Besides disallowing any requests that would increase the number of overnighters at the campground in permanent structures, the Board also agreed to eliminate at least a few existing campsites that lie within the 50-foot buffer area of the Wallkill River floodplain, lot lines or roads. “Sites 400 to 402 are all in the buffer, they were built without approvals and they’re not on the 2014 site plan approved by the Planning Board. I think they have to go,” said Town supervisor Marybeth Majestic. “Everyone in agreement?” Everyone was.

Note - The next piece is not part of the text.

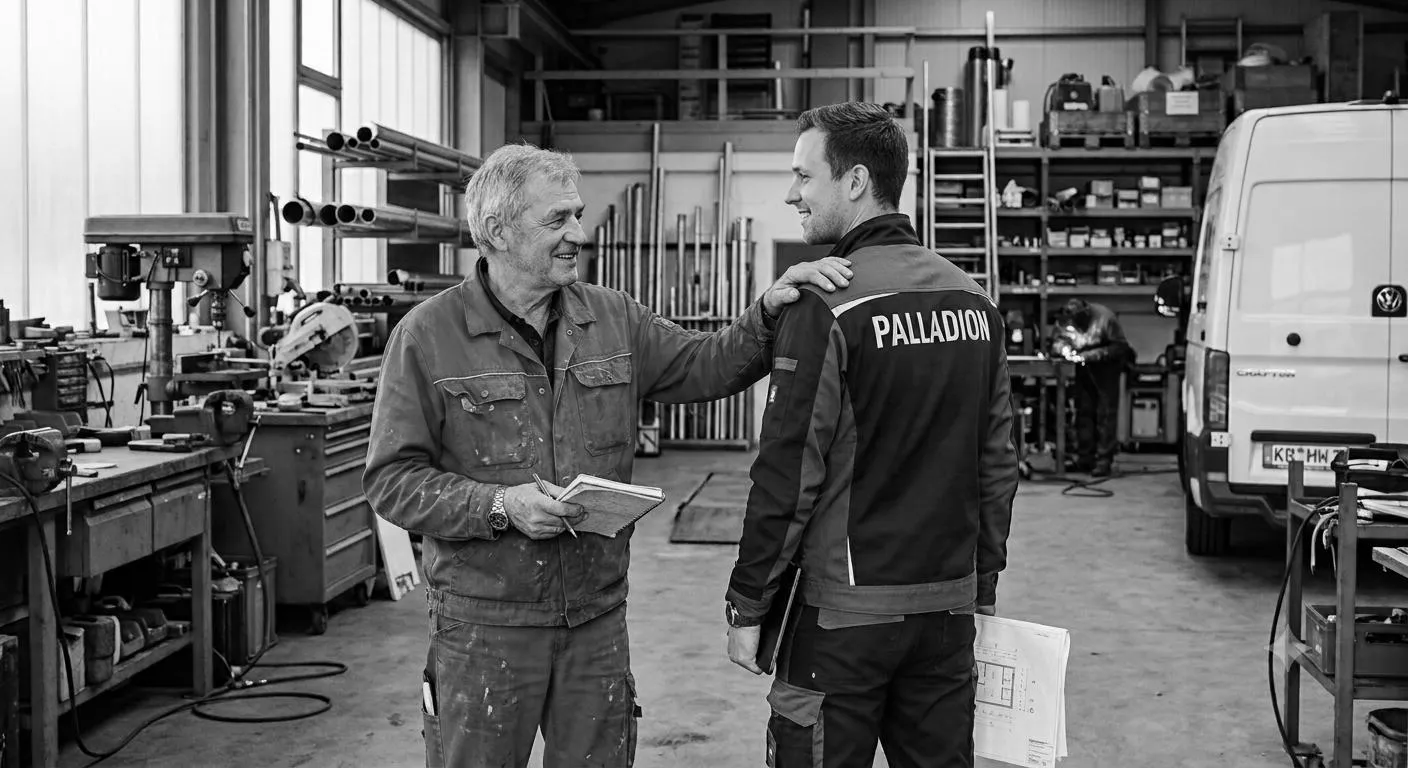 Ein erfahrener Meister und ein junger Handwerker im Gespräch in einer Werkstatt
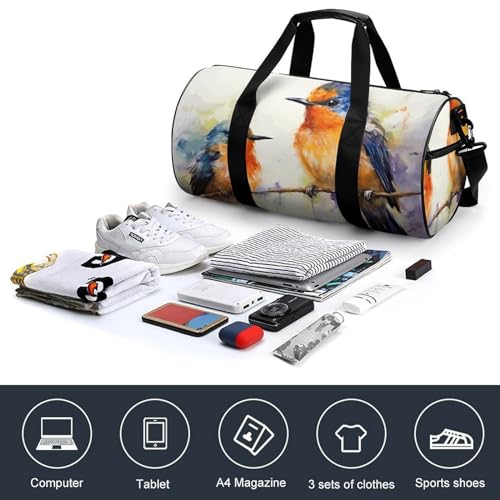 Duffel Bag for Men Women Gym Bag Oil Painting Bird Travel Duffel Bag Waterproof Overnight Bag for Sports Workout4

Still on the table are campsites 77 to 81, which border recently acquired undeveloped agricultural land on the south side of the property and are described by Lazy River as “preexisting” nonconforming sites. Phillips will research the legality of denying permission for these to continue in use.
The attorney will also make recommendations to the Board on what measures can be taken to restrict use of the 200-foot buffer area of the undeveloped parcel for Lazy River’s Halloween Trail, a frequent target of noise complaints by neighbors. “The Halloween Trail might need to be more than 200 feet, because of the noise and light. We could require more vegetative buffering, more of a setback,” suggested Carucci.
Phillips noted that some usage limits might be placed on such previously unpermitted areas through the use of conditions imposed during the Special Use Permit process, if the Board decides to add them to the permitted areas of the campground under the requested Floating District designation. “The Board has some discretion,” she advised. “I’m making a list of what’s supposed to be Special Use Permit conditions,” said Majestic.
Inadequate parking continues to be a concern, especially at permanent structures, and the Board decided to instruct the code enforcement officer to perform inspections of those sites to verify the number of parking spaces available before granting any waivers of such requirements.
A site visit had already been performed by representatives of the Gardiner Highway and Fire Departments to determine whether internal roadways in the campground were adequate for emergency vehicle access. A memorandum from the Fire chief stated that the access road known as Third Avenue “did not follow the original site plan” and lacked proper signage. The chief offered Lazy River two alternatives: either to reconstruct the road as a through street as originally planned, or replace it with two dead-end roads connected by a hammerhead turnaround, which would require the elimination of two campsites on one side.
All in all, the more the Gardiner Town Board deliberates the wish list put forward by Lazy River, the less its members seem to be in a conciliatory mood. According to Majestic, “We made some headway.” No plans were made to schedule another special meeting, but discussion, including of the hot topic of park model RVs, will be on the agenda of a regular meeting in October.